5. Method for conditioning a pad comprising:
providing said pad;
placing a high pressure spray bar over said pad; and
spraying said pad with a plurality of high pressure streams of
water.
6. The method as described in claim 5 wherein said pad comprises a
soft material.
7. The method as described in claim 5 wherein said bar is
approximately the same length as the diameter of said pad.
8. The method as described in claim 5 wherein said bar is rotated
concentrically about the center of said pad.
9. The method as described in claim 5 wherein said high pressure
streams of water range from approximately 10-1000 psi.
10. Method for conditioning a pad comprising:
providing said pad;
rotating a scoring apparatus over said pad, wherein said scoring
apparatus is a high pressure spray bar; and
scoring said pad with a plurality of high pressure streams of
water.
11. The method as described in claim 10 wherein said pad comprises
a soft material.
12. The method as described in claim 10 wherein said bar is
approximately the same length as the diameter of said pad.
13. The method as described in claim 10 wherein said bar is rotated
concentrically about the center of said pad.
14. The method as described in claim 10 wherein said high pressure
streams of water range from approximately 10-1000 psi.
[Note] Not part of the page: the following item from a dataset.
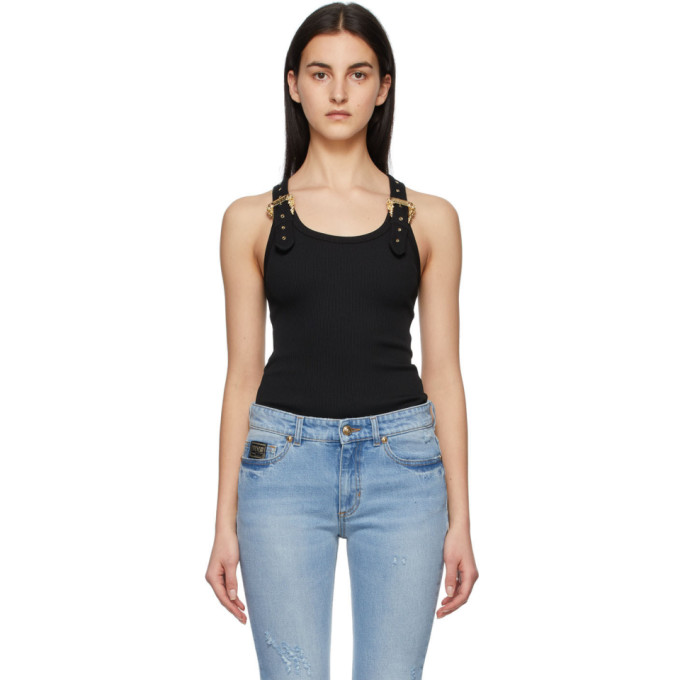 VERSACE JEANS COUTURE BLACK BUCKLE TANK TOP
15. Method for removing debris from a pad comprising:
providing said pad;
rotating a high pressure spray bar over said pad; and
rinsing said pad with a plurality of high pressure streams of
water.
16. The method as described in claim 15 wherein said bar is
approximately the same length as the diameter of said pad.
17. The method as described in claim 15 wherein said bar is rotated
concentrically about the center of said pad.
18. The method as described in claim 15 wherein said high pressure
streams of water range from approximately 0-40 psi.
19. Method for conditioning and rinsing a pad comprising:
providing said pad;
rotating a high pressure spray bar concentrically over said pad,
wherein said high pressure spray bar is approximately the same
length as the diameter of said pad; and
spraying said pad with a plurality of high pressure streams of
water, wherein said high pressure streams of water range from
approximately 10-1000 psi, such that said pad is scored and rinsed
simultaneously by said high pressure streams of water.
20. An apparatus for conditioning a pad comprising:
a pivot arm, wherein said pivot arm is located to the side of said
pad when not in operation and said pivot arm is extended over said
pad when in operation;
a bar, wherein said bar is coupled to an end of said pivot arm such
that said bar rotates concentrically about the center of said bar;
and
a scoring apparatus, wherein said scoring apparatus is mounted on
said bar.
21. The apparatus as described in claim 20 wherein said bar has a
length approximately equal to the diameter of said pad.
22. The apparatus as described in claim 20 wherein said bar is
coupled to an end of said pivot arm that extends over said pad such
that said bar is centered over said pad and rotates concentrically
about the center of said pad.
23. The apparatus as described in claim 20 wherein said scoring
apparatus further comprises:
a plurality of diamond points, wherein said diamond points are
located along the length of said bar and said diamond points of
said scoring apparatus are placed in contact with said pad when
said pivot arm is extended over said pad.
24. The apparatus as described in claim 20 wherein said scoring
apparatus further comprises:
a plurality of brushes, wherein said brushes are located along the
length of said bar and said brushes of said scoring apparatus are
placed in contact with said pad when said pivot arm is extended
over said pad.
25. The apparatus as described in claim 20 wherein said scoring
apparatus further comprises:
a plurality of high pressure spray nozzles, wherein said high
pressure spray nozzles are located along the length of said bar and
spray said pad with high pressure streams of water when said pivot
arm is extended over said pad.
26. An apparatus for conditioning and rinsing a pad comprising:
a pivot arm, wherein said pivot arm is located to the side of said
pad when not in operation and said pivot arm is extended over said
pad when in operation;
a bar, wherein said bar is coupled to an end of said pivot arm such
that said bar rotates concentrically about the center of said bar;
and
a scoring apparatus, wherein said scoring apparatus is mounted on
said bar and wherein said scoring apparatus comprises a plurality
of high pressure spray nozzles.
27. The apparatus as described in claim 26 wherein said bar has a
length approximately equal to the diameter of said pad.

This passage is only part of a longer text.